“Tim Maia”

Touro indomável  e indecifrável 

Longa é mergulho abrangente mas sem profundidade na história do cantor

Juventude. Robson Nunes vive Tim antes da fama,quando tentou a ajuda dos amigos Erasmo e Roberto Carlos | Foto: downtown / divulgação
PUBLICADO EM 30/10/14 - 03h00

Tim Maia não era uma pessoa fácil. Seu grande perfeccionismo fazia com que ele não aturasse o mínimo problema de áudio em seus shows. Isso, quando o cantor comparecia a eles. Além disso, ele possuía uma raiva e uma agressividade dentro de si que podiam torná-lo um sujeito bastante intratável no convívio pessoal. Traços que, como todo grande artista, Tim conseguia transformar em combustível para algumas das canções mais icônicas da música brasileira.
 

O grande problema de “Tim Maia”, o filme, é não conseguir fazer o mesmo no cinema. O longa tem o mérito de não tentar transformar seu protagonista em uma figura mais palatável ou agradável para o público. Ao mesmo tempo, porém, ele nunca consegue responder de onde vinha toda essa energia que, ao mesmo tempo, movia e destruía o cantor. Ele quer contar tudo, mas acaba não respondendo nada.

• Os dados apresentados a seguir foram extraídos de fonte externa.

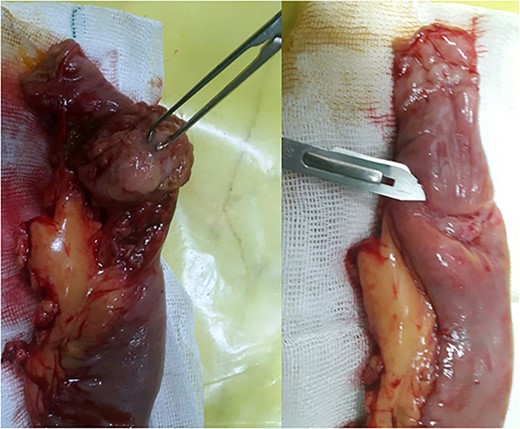 The intraluminal intestinal mass before (pointed by bisturi blade) and after dissection (grasped by Allis tissue forceps).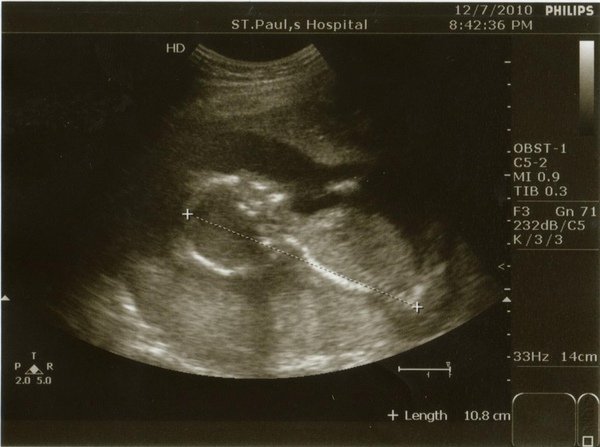 BABY991207-3_copy.jpg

O que a produção do diretor Mauro Lima faz é um mergulho horizontalmente abrangente, mas sem quase nenhuma verticalidade. Quase nunca vai além da superfície porque parece não saber qual pergunta está fazendo. O filme apresenta Tim como o Jake LaMotta de “Touro Indomável”, mas sem a mesma competência dramatúrgica para domá-lo.

O longa acompanha a trajetória do músico, desde a infância pobre na Tijuca até o estrelato e a morte precoce em 1998, aos 55 anos. Na adolescência e juventude, ele é interpretado por Robson Nunes (“2 Coelhos”); e no auge e decadência, é vivido por Babu Santana (“Cidade de Deus”).

Do negócio de marmita dos pais às primeiras apresentações no programa de Carlos Imperial na TV Tupi até a fase Racional, “Tim Maia” é daquelas cinebiografias que tenta compilar todos os melhores momentos de seu protagonista. Isso gera um primeiro ato excessivamente extenso, resultando num filme arrastado, que em nenhum momento encontra o ritmo ou o suingue das canções de Tim.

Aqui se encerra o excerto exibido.